What you need to do: Only the pictures are to be left out; the listing itself is repeated exactly.

Supplied data:

================================

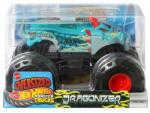 Mattel Monster Trucks 1: 24 Autó - Dragonizer (JCC90-FYJ83)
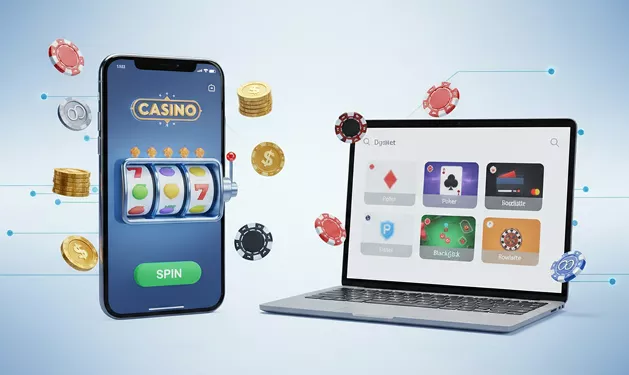 Qual o casino ideal para quem está a começar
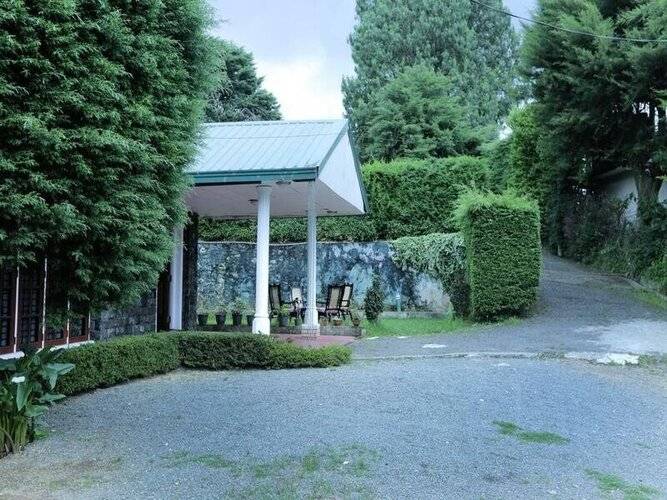 Stone Bungalow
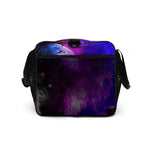 Spells Of Amethyst - Accent Duffle Bag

================================

Exercise answer:
 Mattel Monster Trucks 1: 24 Autó - Dragonizer (JCC90-FYJ83)
 Qual o casino ideal para quem está a começar
 Stone Bungalow
 Spells Of Amethyst - Accent Duffle Bag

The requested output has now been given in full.